▸ EXCERPTED DATA

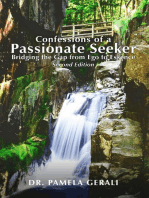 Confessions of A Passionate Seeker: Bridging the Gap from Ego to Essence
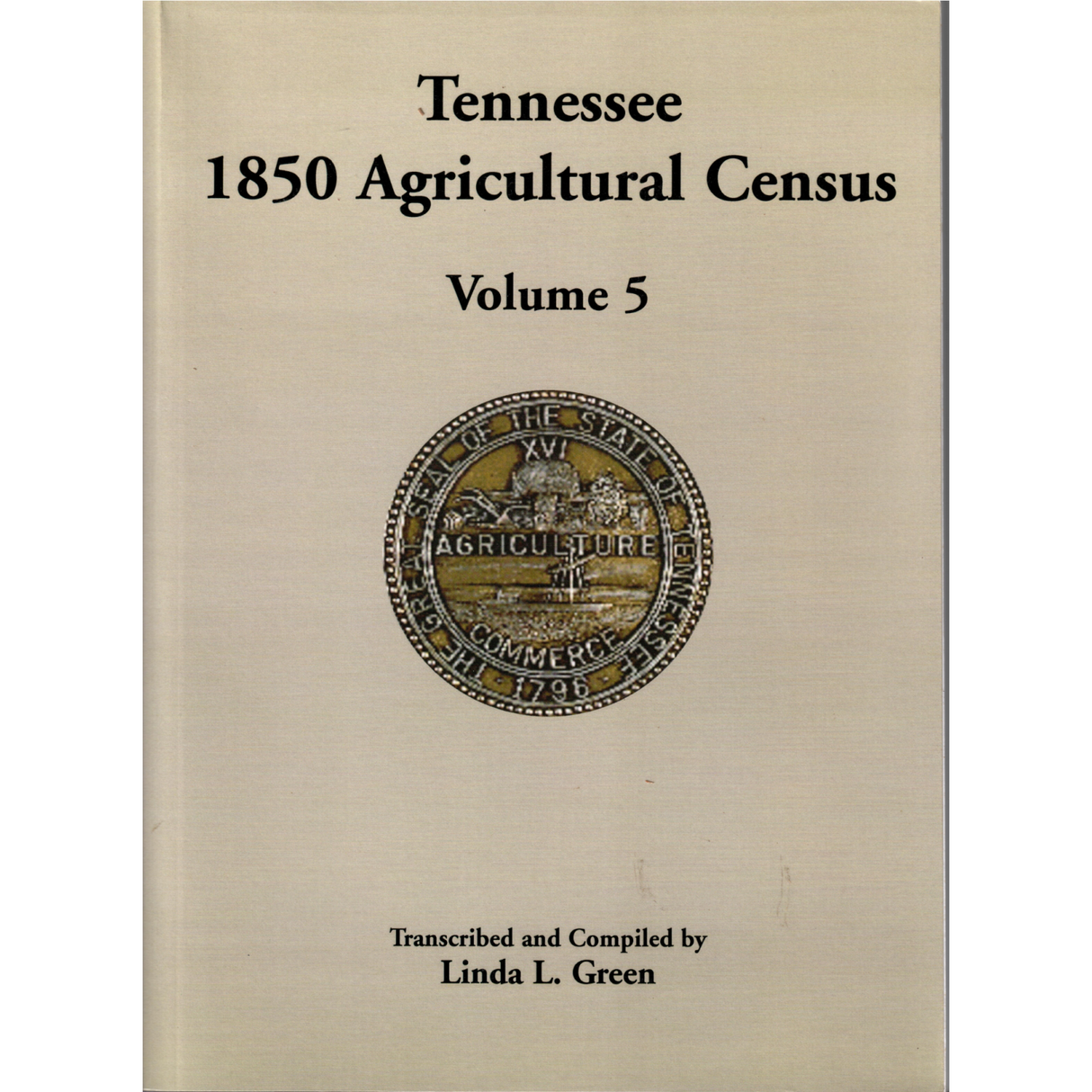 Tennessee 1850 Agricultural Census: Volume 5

...

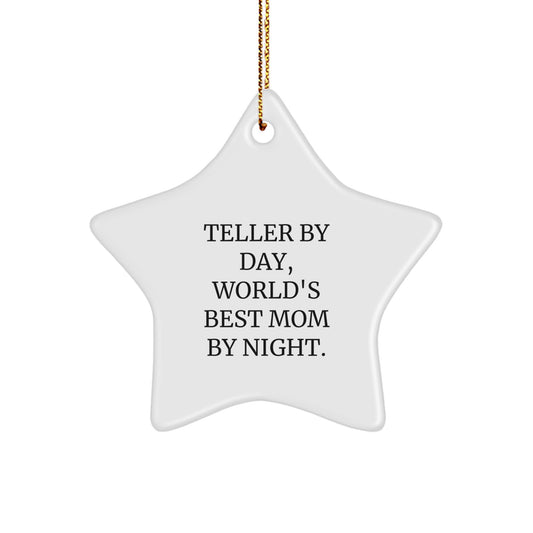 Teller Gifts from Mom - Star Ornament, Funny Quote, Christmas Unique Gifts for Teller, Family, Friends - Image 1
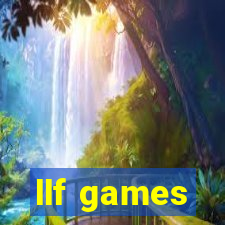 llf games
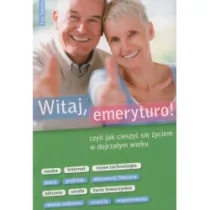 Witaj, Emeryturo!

--

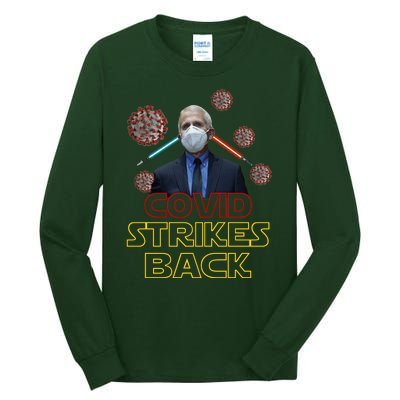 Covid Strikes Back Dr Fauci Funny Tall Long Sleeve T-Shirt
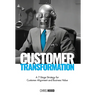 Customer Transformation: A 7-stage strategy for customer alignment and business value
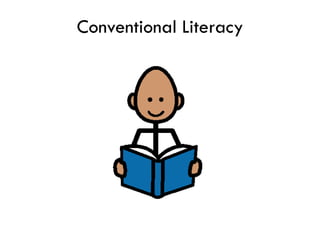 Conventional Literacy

▸ ASSIGNMENT
Range to copy from the listing above: the line containing "Confessions of A" down to the line containing "Tennessee 1850 Agricultural Census: Volume 5", both included. Reproduce it exactly, minus the pictures, and add nothing.

▸ RESPONSE TO THIS TASK
 Confessions of A Passionate Seeker: Bridging the Gap from Ego to Essence
 Tennessee 1850 Agricultural Census: Volume 5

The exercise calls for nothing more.